-- Opening Marker --

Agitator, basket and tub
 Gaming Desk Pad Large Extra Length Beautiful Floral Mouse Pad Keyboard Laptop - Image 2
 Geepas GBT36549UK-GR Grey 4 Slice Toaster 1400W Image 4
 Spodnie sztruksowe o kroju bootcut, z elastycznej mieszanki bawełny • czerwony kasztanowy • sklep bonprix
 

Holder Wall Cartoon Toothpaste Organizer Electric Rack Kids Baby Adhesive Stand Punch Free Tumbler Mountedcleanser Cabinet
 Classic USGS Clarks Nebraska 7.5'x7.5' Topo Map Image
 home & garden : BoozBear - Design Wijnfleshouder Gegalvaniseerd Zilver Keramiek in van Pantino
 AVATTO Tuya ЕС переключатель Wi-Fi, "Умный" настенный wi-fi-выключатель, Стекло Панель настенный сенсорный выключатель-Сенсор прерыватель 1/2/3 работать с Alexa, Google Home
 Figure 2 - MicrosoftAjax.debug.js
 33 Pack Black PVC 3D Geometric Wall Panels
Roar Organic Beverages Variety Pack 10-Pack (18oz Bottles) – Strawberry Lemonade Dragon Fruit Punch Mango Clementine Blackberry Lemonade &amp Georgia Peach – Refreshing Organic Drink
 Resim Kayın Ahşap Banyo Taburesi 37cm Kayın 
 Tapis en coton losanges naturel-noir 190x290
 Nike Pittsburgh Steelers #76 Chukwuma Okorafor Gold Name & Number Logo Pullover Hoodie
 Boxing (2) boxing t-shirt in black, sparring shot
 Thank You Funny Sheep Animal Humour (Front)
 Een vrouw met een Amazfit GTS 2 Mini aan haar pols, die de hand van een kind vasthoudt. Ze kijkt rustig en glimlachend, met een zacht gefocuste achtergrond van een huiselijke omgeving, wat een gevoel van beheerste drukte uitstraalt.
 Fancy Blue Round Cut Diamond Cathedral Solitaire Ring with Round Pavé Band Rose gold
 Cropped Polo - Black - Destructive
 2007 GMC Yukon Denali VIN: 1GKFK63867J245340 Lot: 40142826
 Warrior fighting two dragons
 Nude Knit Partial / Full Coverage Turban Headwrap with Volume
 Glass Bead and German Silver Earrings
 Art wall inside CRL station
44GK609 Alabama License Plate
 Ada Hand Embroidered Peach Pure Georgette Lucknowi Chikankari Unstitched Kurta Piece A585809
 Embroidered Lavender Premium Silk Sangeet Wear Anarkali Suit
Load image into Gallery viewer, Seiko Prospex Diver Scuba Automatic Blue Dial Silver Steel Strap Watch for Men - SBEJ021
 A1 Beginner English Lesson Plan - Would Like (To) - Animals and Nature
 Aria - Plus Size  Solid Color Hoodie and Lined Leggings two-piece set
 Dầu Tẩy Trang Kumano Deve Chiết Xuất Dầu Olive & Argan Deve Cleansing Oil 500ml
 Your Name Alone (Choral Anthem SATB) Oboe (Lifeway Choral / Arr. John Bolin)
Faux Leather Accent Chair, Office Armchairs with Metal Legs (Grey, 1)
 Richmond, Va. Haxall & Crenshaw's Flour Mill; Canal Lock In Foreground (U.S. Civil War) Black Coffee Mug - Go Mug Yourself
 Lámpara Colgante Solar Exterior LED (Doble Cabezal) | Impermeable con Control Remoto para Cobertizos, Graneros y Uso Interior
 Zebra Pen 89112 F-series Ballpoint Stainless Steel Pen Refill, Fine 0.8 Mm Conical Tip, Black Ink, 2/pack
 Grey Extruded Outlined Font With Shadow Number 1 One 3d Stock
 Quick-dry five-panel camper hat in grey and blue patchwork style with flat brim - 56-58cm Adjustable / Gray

-- Closing Marker --

**Activity**
Repeat the records above exactly.

**Written response**
Agitator, basket and tub
 Gaming Desk Pad Large Extra Length Beautiful Floral Mouse Pad Keyboard Laptop - Image 2
 Geepas GBT36549UK-GR Grey 4 Slice Toaster 1400W Image 4
 Spodnie sztruksowe o kroju bootcut, z elastycznej mieszanki bawełny • czerwony kasztanowy • sklep bonprix
 

Holder Wall Cartoon Toothpaste Organizer Electric Rack Kids Baby Adhesive Stand Punch Free Tumbler Mountedcleanser Cabinet
 Classic USGS Clarks Nebraska 7.5'x7.5' Topo Map Image
 home & garden : BoozBear - Design Wijnfleshouder Gegalvaniseerd Zilver Keramiek in van Pantino
 AVATTO Tuya ЕС переключатель Wi-Fi, "Умный" настенный wi-fi-выключатель, Стекло Панель настенный сенсорный выключатель-Сенсор прерыватель 1/2/3 работать с Alexa, Google Home
 Figure 2 - MicrosoftAjax.debug.js
 33 Pack Black PVC 3D Geometric Wall Panels
Roar Organic Beverages Variety Pack 10-Pack (18oz Bottles) – Strawberry Lemonade Dragon Fruit Punch Mango Clementine Blackberry Lemonade &amp Georgia Peach – Refreshing Organic Drink
 Resim Kayın Ahşap Banyo Taburesi 37cm Kayın 
 Tapis en coton losanges naturel-noir 190x290
 Nike Pittsburgh Steelers #76 Chukwuma Okorafor Gold Name & Number Logo Pullover Hoodie
 Boxing (2) boxing t-shirt in black, sparring shot
 Thank You Funny Sheep Animal Humour (Front)
 Een vrouw met een Amazfit GTS 2 Mini aan haar pols, die de hand van een kind vasthoudt. Ze kijkt rustig en glimlachend, met een zacht gefocuste achtergrond van een huiselijke omgeving, wat een gevoel van beheerste drukte uitstraalt.
 Fancy Blue Round Cut Diamond Cathedral Solitaire Ring with Round Pavé Band Rose gold
 Cropped Polo - Black - Destructive
 2007 GMC Yukon Denali VIN: 1GKFK63867J245340 Lot: 40142826
 Warrior fighting two dragons
 Nude Knit Partial / Full Coverage Turban Headwrap with Volume
 Glass Bead and German Silver Earrings
 Art wall inside CRL station
44GK609 Alabama License Plate
 Ada Hand Embroidered Peach Pure Georgette Lucknowi Chikankari Unstitched Kurta Piece A585809
 Embroidered Lavender Premium Silk Sangeet Wear Anarkali Suit
Load image into Gallery viewer, Seiko Prospex Diver Scuba Automatic Blue Dial Silver Steel Strap Watch for Men - SBEJ021
 A1 Beginner English Lesson Plan - Would Like (To) - Animals and Nature
 Aria - Plus Size  Solid Color Hoodie and Lined Leggings two-piece set
 Dầu Tẩy Trang Kumano Deve Chiết Xuất Dầu Olive & Argan Deve Cleansing Oil 500ml
 Your Name Alone (Choral Anthem SATB) Oboe (Lifeway Choral / Arr. John Bolin)
Faux Leather Accent Chair, Office Armchairs with Metal Legs (Grey, 1)
 Richmond, Va. Haxall & Crenshaw's Flour Mill; Canal Lock In Foreground (U.S. Civil War) Black Coffee Mug - Go Mug Yourself
 Lámpara Colgante Solar Exterior LED (Doble Cabezal) | Impermeable con Control Remoto para Cobertizos, Graneros y Uso Interior
 Zebra Pen 89112 F-series Ballpoint Stainless Steel Pen Refill, Fine 0.8 Mm Conical Tip, Black Ink, 2/pack
 Grey Extruded Outlined Font With Shadow Number 1 One 3d Stock
 Quick-dry five-panel camper hat in grey and blue patchwork style with flat brim - 56-58cm Adjustable / Gray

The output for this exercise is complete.